> Data shown:

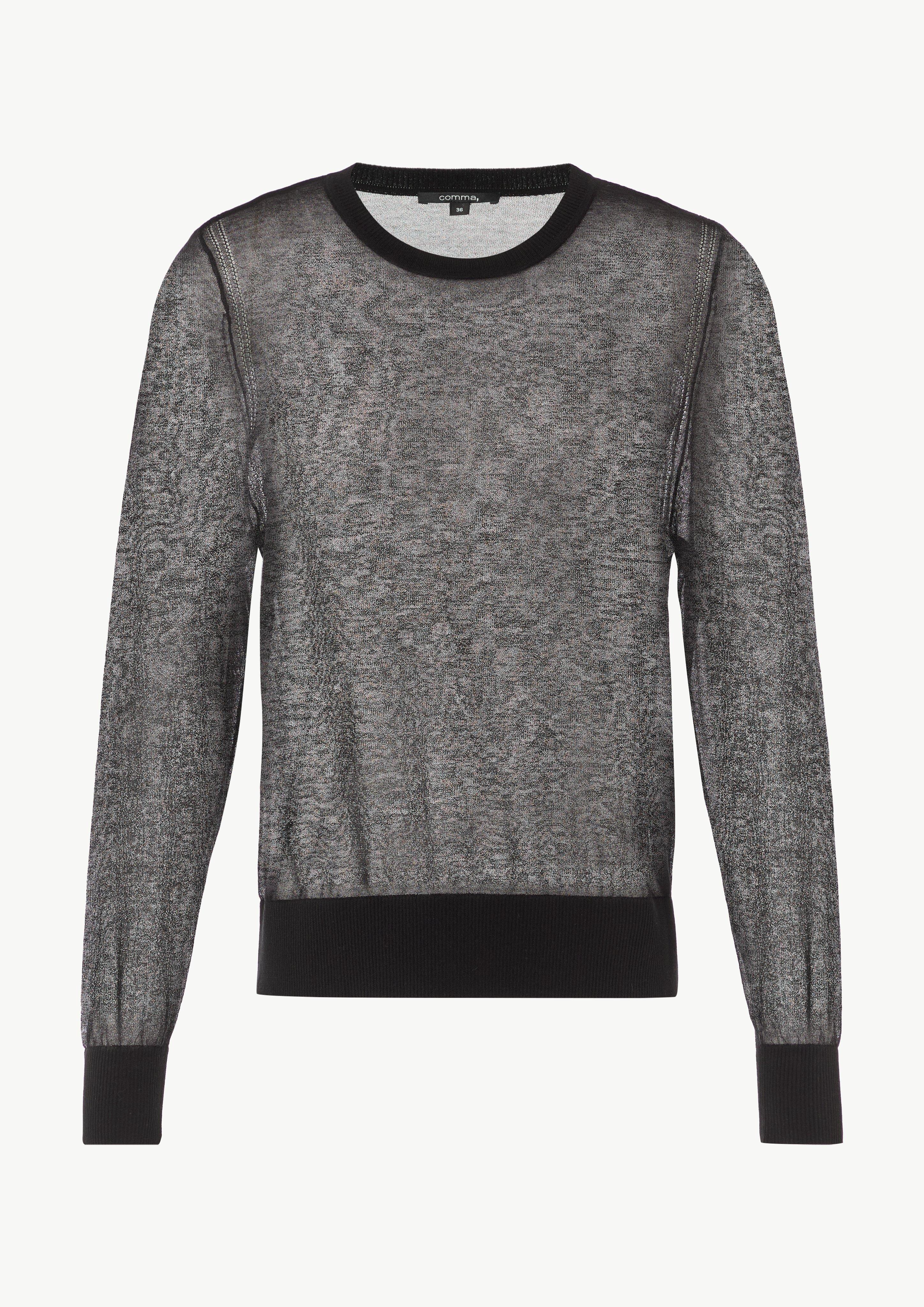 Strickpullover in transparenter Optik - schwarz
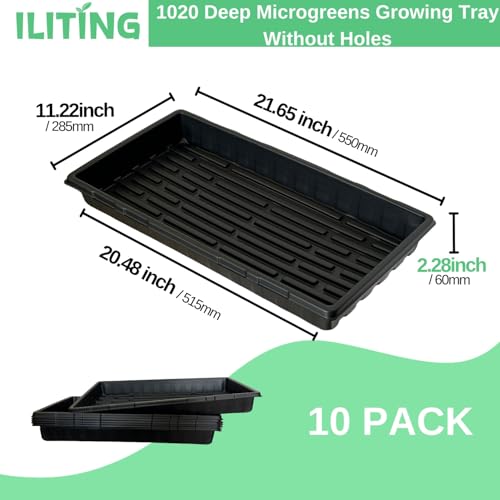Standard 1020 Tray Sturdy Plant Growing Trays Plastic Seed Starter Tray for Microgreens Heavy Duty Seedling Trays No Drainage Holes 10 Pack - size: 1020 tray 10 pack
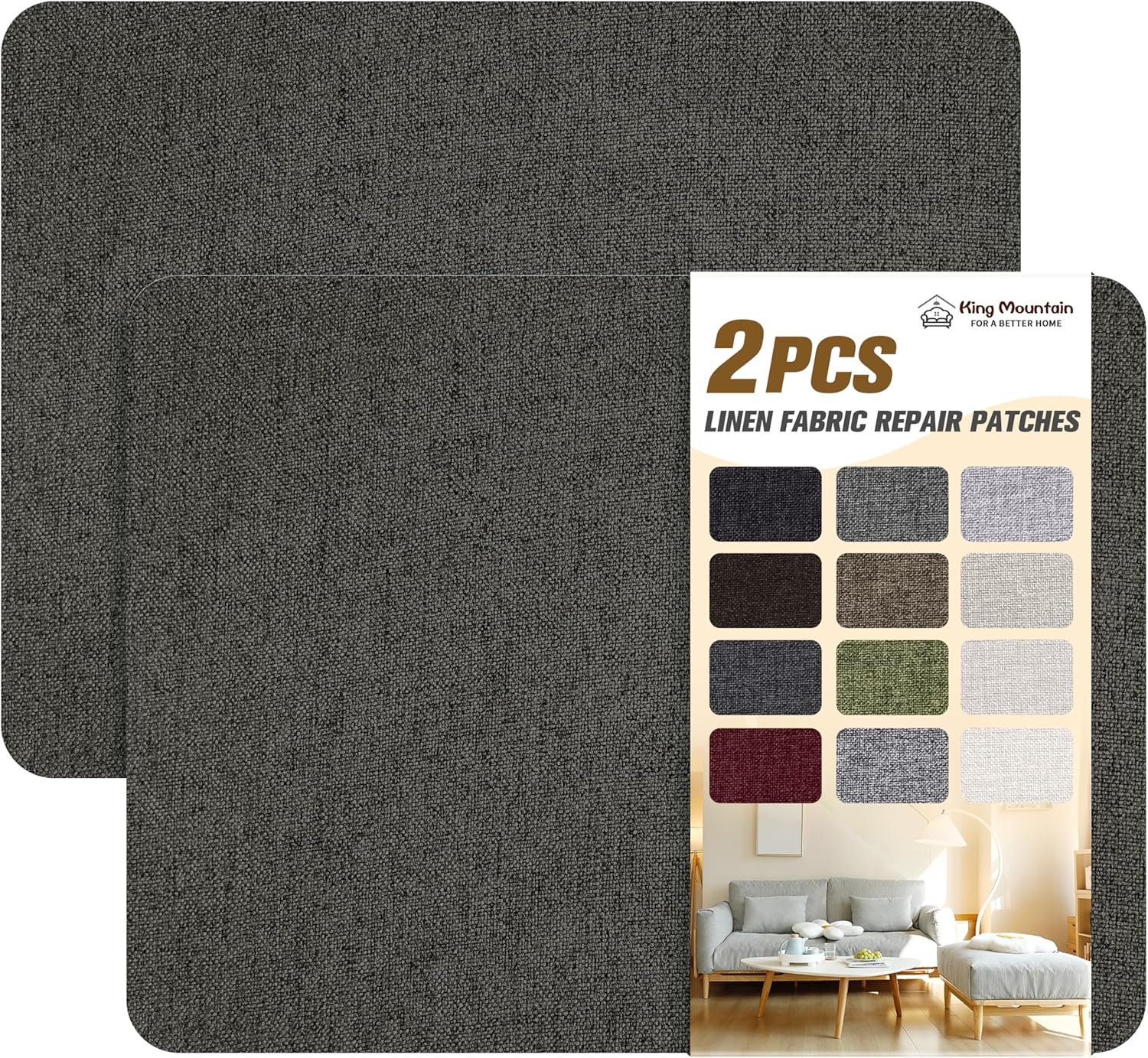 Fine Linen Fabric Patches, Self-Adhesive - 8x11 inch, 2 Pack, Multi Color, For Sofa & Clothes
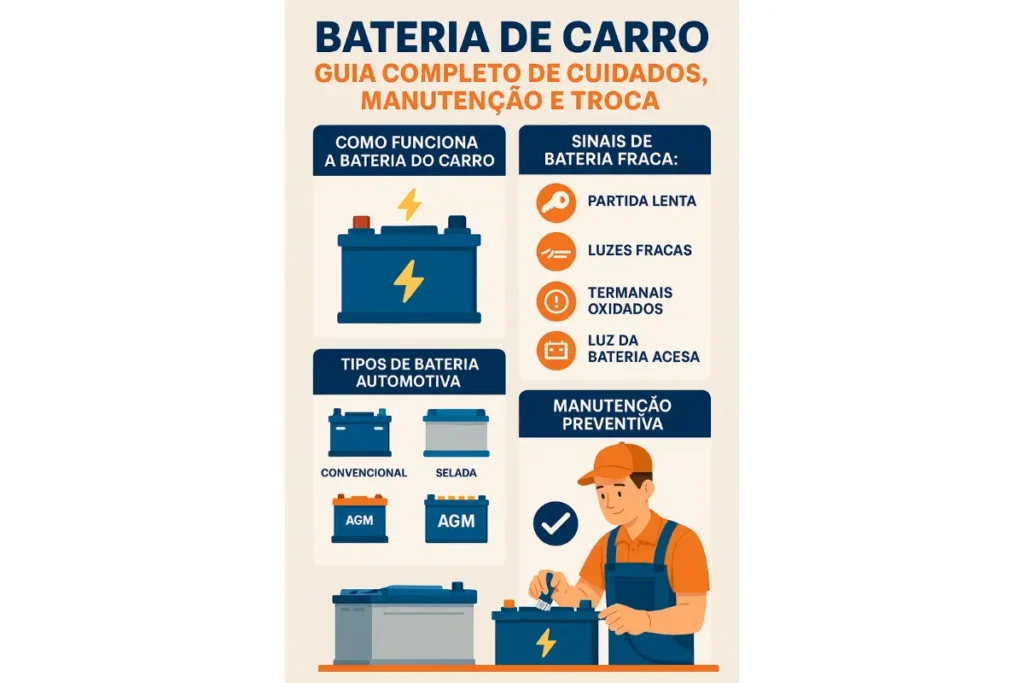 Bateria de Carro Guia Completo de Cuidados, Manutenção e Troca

---

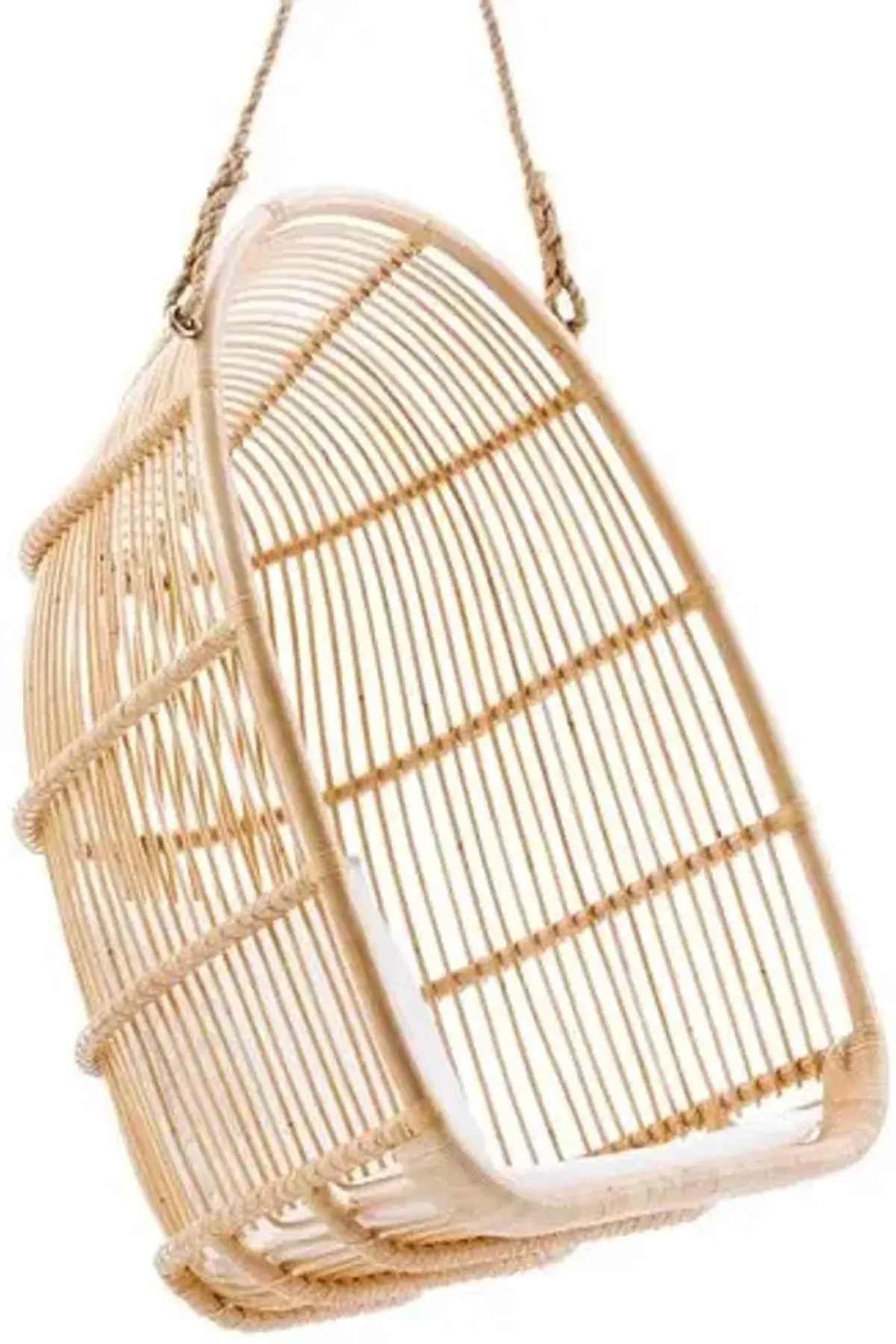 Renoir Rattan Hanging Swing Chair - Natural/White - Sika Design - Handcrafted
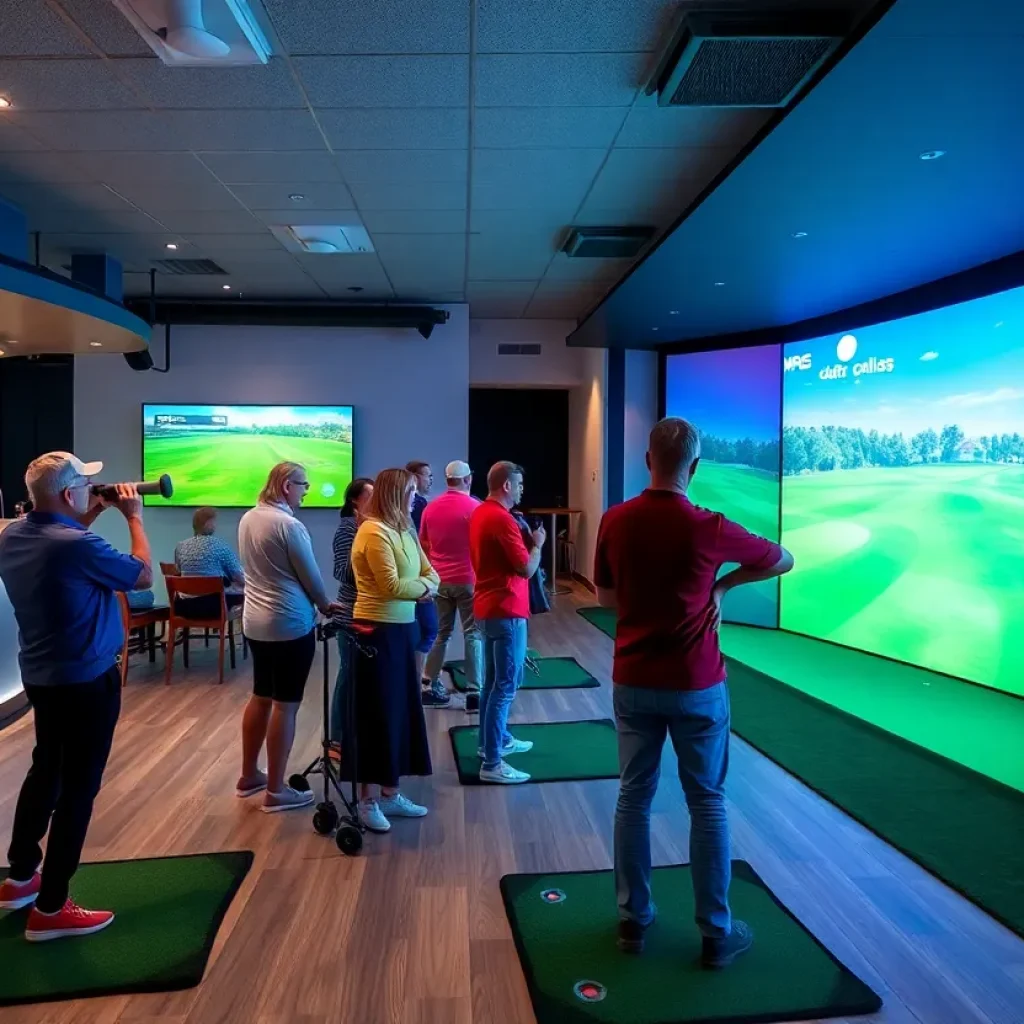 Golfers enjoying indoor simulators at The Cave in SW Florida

...

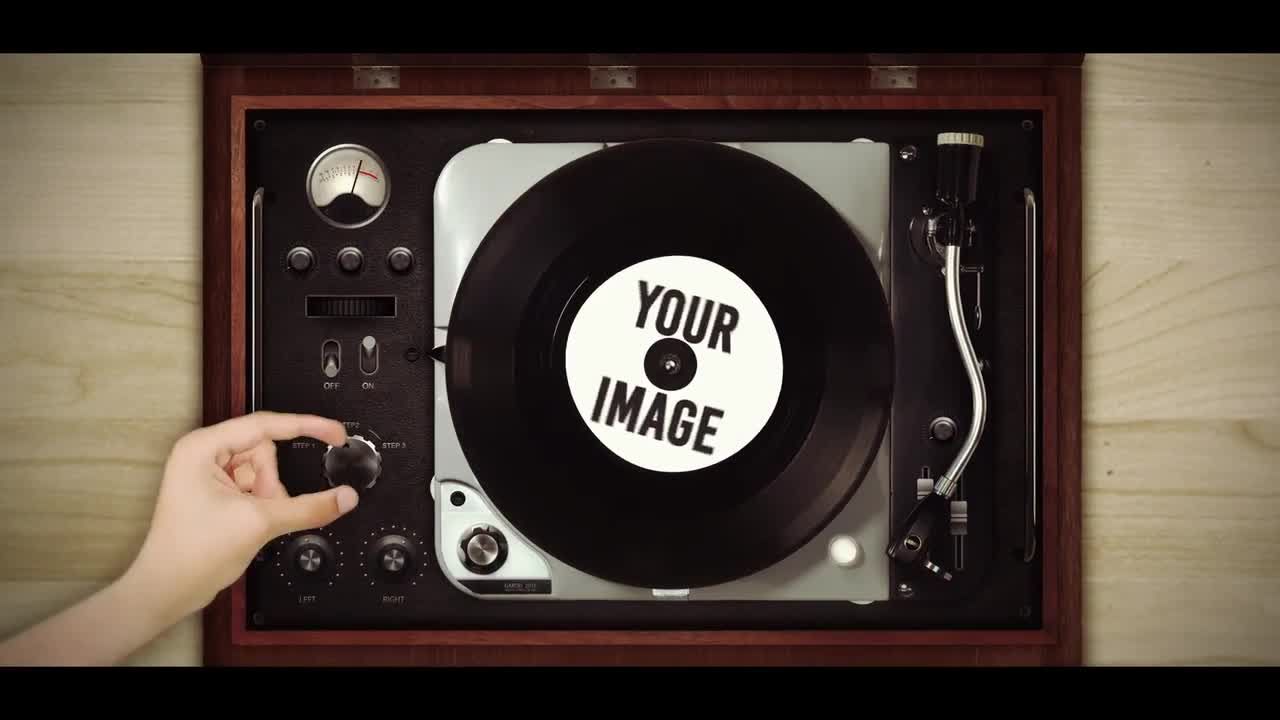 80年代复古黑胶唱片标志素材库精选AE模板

> Prompt: Set down word for word the lines above from the one with "Standard 1020 Tray" up to and including the one with "Bateria de Carro". Omit every picture.

> Response to the exercise:
Standard 1020 Tray Sturdy Plant Growing Trays Plastic Seed Starter Tray for Microgreens Heavy Duty Seedling Trays No Drainage Holes 10 Pack - size: 1020 tray 10 pack
 Fine Linen Fabric Patches, Self-Adhesive - 8x11 inch, 2 Pack, Multi Color, For Sofa & Clothes
 Bateria de Carro Guia Completo de Cuidados, Manutenção e Troca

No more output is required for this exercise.